The primary source of income for this fund will be a revenue share paid by telecommunications service providers (operators) doing business in Ethiopia.
According to Regulation No. (585/2026), titled the “Universal Access Fund,” approved by the Council of Ministers, any licensed telecom organization is obligated to contribute 1.5% of its annual gross revenue to the fund.
This fee will be calculated based on the operators’ financial reports for the Ethiopian budget year (July 8 to June 7).
The Ethiopian Communications Authority (ECA) has been tasked with collecting and managing these payments.
However, to encourage new operators entering the market, a three-year grace period has been granted.
The regulation also introduces flexible methods for telecom companies to fulfill their obligations.
Operators can fulfill their required 1.5% contribution by paying directly into the fund; alternatively, under the “Pay-or-Play” principle, the regulation stipulates that they can meet their obligations by building infrastructure and providing services themselves in rural and unserved areas identified by the Authority.
It was noted that the costs incurred for such projects will be deducted from their required revenue contribution.
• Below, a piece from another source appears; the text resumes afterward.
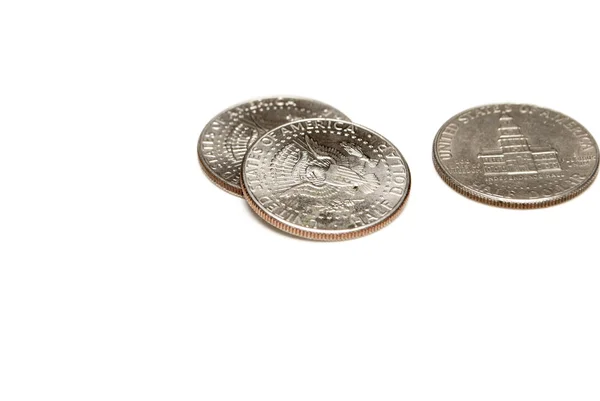 Гроші, монети на білому тлі — стокове фото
The fund’s objective is described as not only expanding infrastructure but also ensuring social equity.
The regulation specifically supports the education and health sectors, ensuring that rural schools, higher education institutions, and healthcare facilities gain access to internet and communication services.
Furthermore, special attention will be given to ensuring digital service access for women, persons with disabilities, and low-income segments of society. The fund is also expected to play a role in increasing local content and promoting technological products developed in local languages.
According to the regulation, if a telecom operator fails to make its contribution on time, a 2% penalty will be imposed for the first month of delay. For every subsequent month of delay, an additional 5% penalty is mandated.